De chico, todo era un castigo. La guerra queriendo llevarse un hermano, los tiros en la noche, ese maldito nudo de piel en la punta del pito. De grande las cosas no mejoraron tanto: un amor enfermo que asecha durante el sueño para cortarte el pelo; el proyecto de pareja enterrado como tantos sueños. Pero hay veces, pocas, en que el cielo al fin se ilumina y de golpe se tiene esperanza, aún entando ahí abajo, entre los durmientes, con el tren pasándote por arriba.

“Aquel 2 de mayo, al anochecer, llegaron las noticias del hundimiento del Crucero General Belgrano: ´Debemos lamentar la muerte de trescientos compatriotas´, dijo el periodista. Papá y mamá se miraron con tristeza, apagaron la tele y no dijeron nada. La guerra duró casi un mes y medio más, pero aquella noche fue el comienzo de la derrota”, cuenta el chico protagonista de Cuando nada queda en pie, uno de los trece cuentos de El primer campeón del mundo, debut literario de Juan Sebastián Ronchetti. El universo está presentado. Son los años de Malvinas, los últimos con los milicos en las calles fusilando y secuestrando gente, con Racing yéndose a la B. Sobra el miedo y el desánimo en esa Avellanera obrera de monoblocks y vías del Roca. Hasta que ocurre el milagro: “Fuimos corriendo a ver y nos quedamos mudo. Eran luces de bengalas, tortas enormes, de esas redondas que tiran varias cañitas y que al final hacen una explosión maravillosa. Nunca habíamos tenido una de esas, valían un montón y nosotros apenas tirábamos unos fosforitos o algún rompeportón, pero de esas ninguna”.
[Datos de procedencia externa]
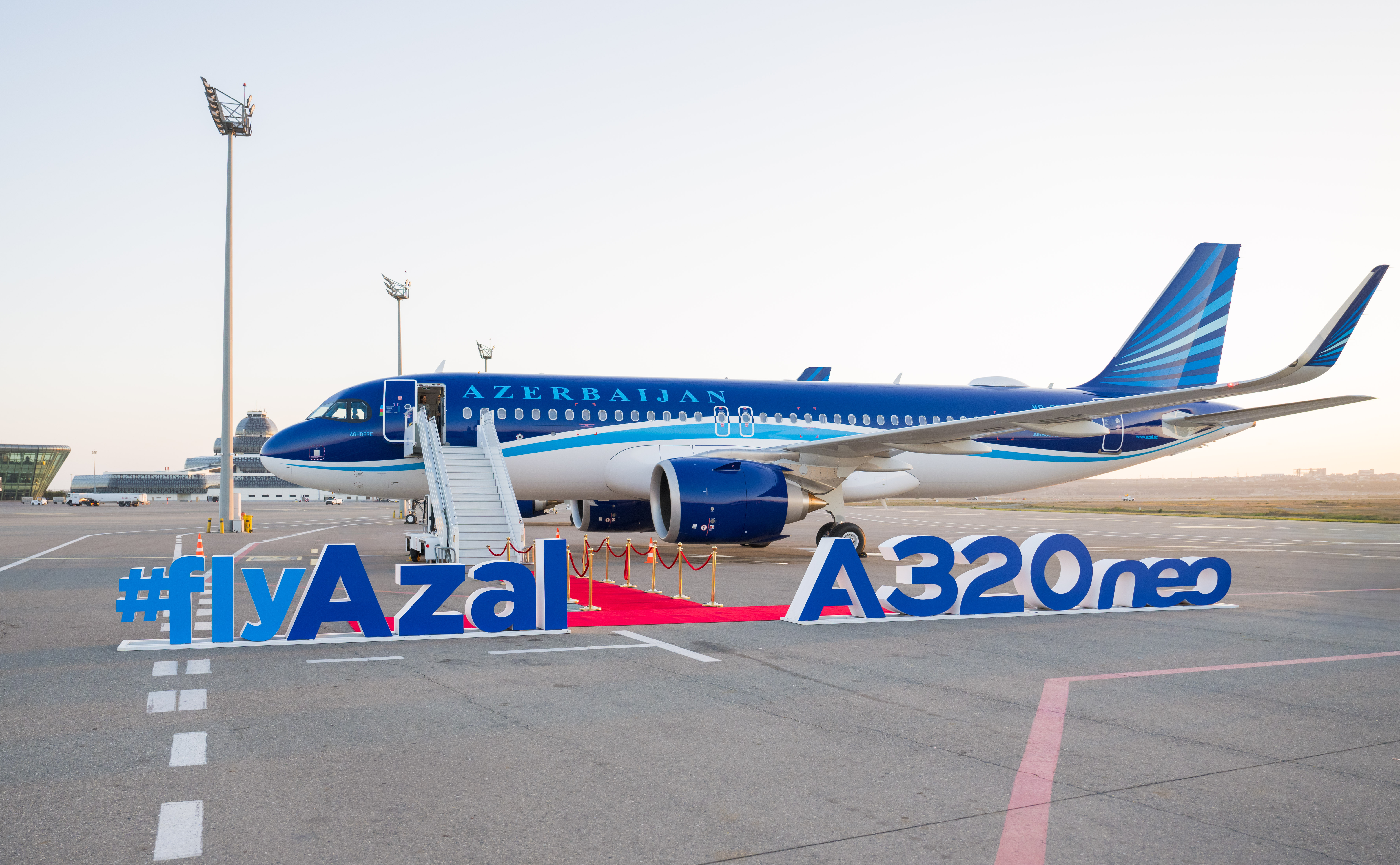 AZAL donanmasını yeniləməyə davam edir: ikinci yeni “Airbus A320neo” Bakıya gəldi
Antes de la publicación por Hormigas Negras, El primer campeón del mundo había recibido en 2017 una mención especial en el concurso nacional de narrativa Adolfo Bioy Casares. Ángela Pradelli, integrante de aquel jurado, sigue respaldando el libro desde la contratapa: “En los relatos hay algo del orden de lo que no se puede comprender, y que tampoco comprenden los personajes. Ni ellos ni el autor se preguntan cómo y por qué pasa lo que pasa. Tampoco nosotros, y en esa falta de explicaciones reside tal vez la gran furia narrativa que nos perturba en la escritura de Ronchetti”.

Alguien junta con una jeringa la sangre todavía fresca de las víctimas. Otro cava un pozo debajo de las vías del tren para guardar un tesoro de libros. Ronchetti logra que los personajes hagan o digan sin estridencias. Les alcanza con asumir su destino y soportar la carga. Textos cortos con efectos duraderos. Como esa piña que sigue doliendo mucho después.

“Con un tono que emerge del dolor cotidiano, de los fracasos y terrores bajo las sábanas nocturnas, bajo las tardes de Avellaneda, teñidas de celeste en el recuerdo. Terrores que lo invaden todo aún en los momentos de felicidad y que en los momentos más duros se profundizan bajo el peso de las esperanzas forzosamente inventadas”, aporta Pablo Ramos, maestro y amigo del autor.

“Nunca había visto el barrio así. Mamá bailaba con María Julia y con Susana y se reían de lo lindo. La fiesta no paró, incluso cuando ya no quedó ni una sola cañita voladora por encender”, celebra el protagonista en Al principio de la noche, una historia sobre un fin de año distinto en donde la alegría dejó de ser ajena. Es que, como enseñó Richard Ford, la vida se nos da vacía, hay que inventarse la parte feliz. Será por eso que Ronchetti se inventó ser escritor.